Uiteindelijk is het natuurlijk een economisch verhaal. Renewables worden pas interessant bij een bepaalde prijs, weet Van Noord. “De consument heeft best wat extra’s over voor een groen product, maar die prijs moet niet te hoog worden. Dat geldt voor deze producten ook. Als fossiele grondstoffen goedkoop zijn, is het lastig. Daarom moet je andere wegen zoeken. Specialties. Of producten maken die beter zijn. Avantium is daar een mooi voorbeeld van. Hun PEF-fles is niet alleen gemaakt uit suikers, maar heeft ook betere eigenschappen dan de uit aardolie gemaakte PET-fles.”

Allianties

In de (nabije) toekomst levert Suiker Unie dus behalve suiker aan de voedingsmiddelenindustrie ook suikers aan klanten in de chemie. Hellemond: “Je ziet nu veel ontwikkelingen in organische zuren, barnsteenzuur, azijnzuur. Daar worden weer andere stoffen van gemaakt. Of bepaalde alcoholen: ethanol, buthanol, isobutanol. Bioplastics zijn al gemeengoed, via melkzuur en polymelkzuur. Uit de restproducten die we overhouden kun je arabinose en galacturonzuur halen, waar je kunststoffen van kunt maken. En vergeet de vezels uit bieten niet, ter versterking van papier of glasvezel. Er zijn al skateboards gemaakt van bietenvezel.”
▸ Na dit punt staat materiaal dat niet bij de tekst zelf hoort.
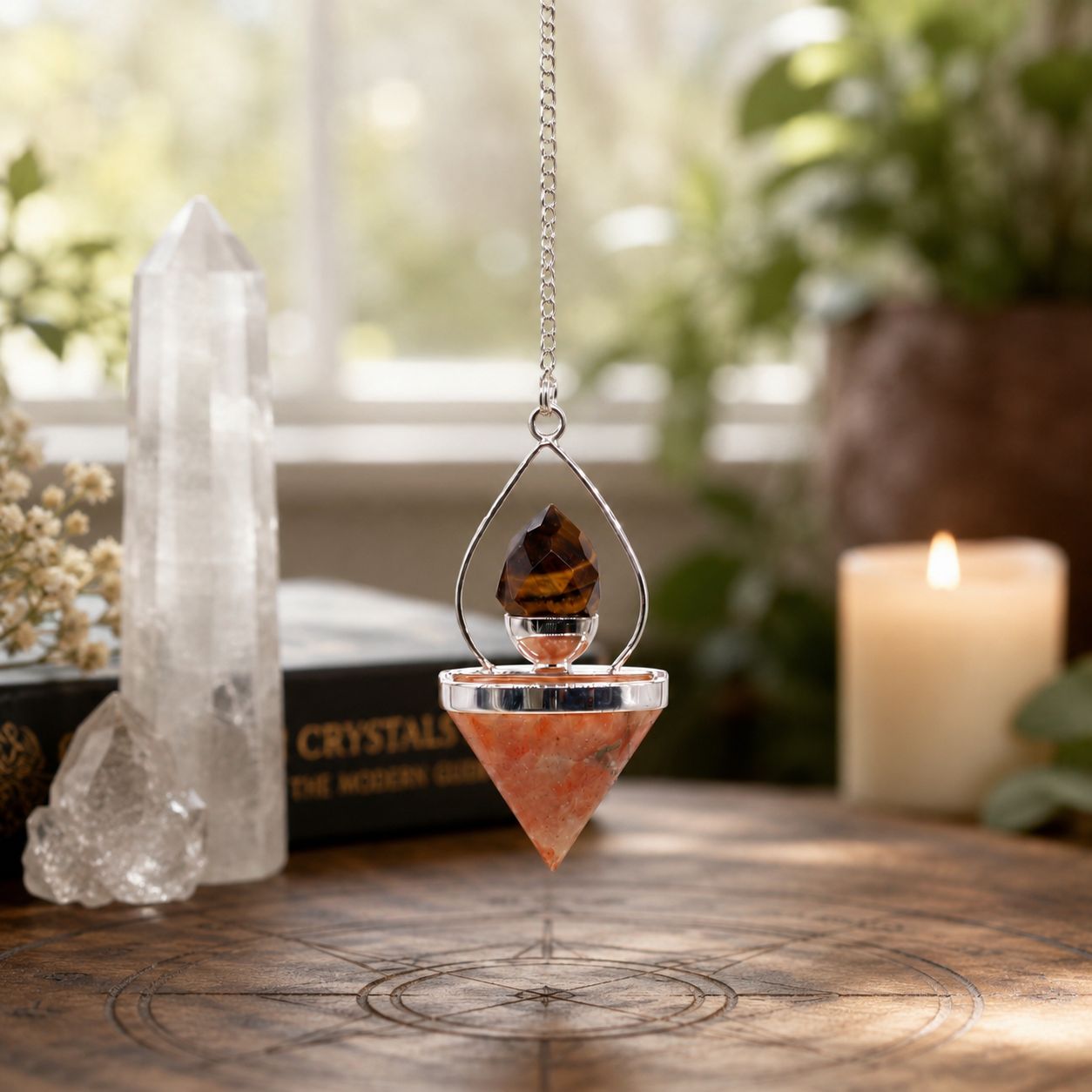 Gemstone Lantern of Life Pendulum - Sunstone & Tigereye - Image 3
Volgens van Noord duurt het nog zo’n tien, vijftien jaar voor een en ander in een stroomversnelling komt. “Er wordt heel veel gepraat over de biobased economy. Wij willen het gewoon gaan doen, business maken, allianties aangaan. Afhankelijk van de toepassing doen we dan een deel zelf, samen met een partner of we organiseren het zo dat iemand anders de vervolgstap doet.” Om de mogelijkheden van de suikerbiet voor de biobased economy verder te onderzoeken start binnenkort (waarschijnlijk vlak bij de fabriek in Dinteloord) de bouw van een nieuw Cosun-innovatiecentrum.
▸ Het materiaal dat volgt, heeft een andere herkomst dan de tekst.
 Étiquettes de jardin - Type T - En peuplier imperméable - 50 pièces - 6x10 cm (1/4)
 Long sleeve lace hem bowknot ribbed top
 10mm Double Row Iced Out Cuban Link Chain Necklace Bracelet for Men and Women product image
Van Noord ziet die toekomst duidelijk voor zich: “Zoals in de petrochemie aardolie in een raffinaderij wordt gescheiden tot stoffen waaruit allerlei producten worden gemaakt, die weer als grondstof dienen voor andere fabrieken, zo zal dat ook gaan met de suikerbiet. De suikerbiet zal in een bioraffinaderij ontleed worden in verschillende componenten, en die zijn weer grondstof voor andere producenten.”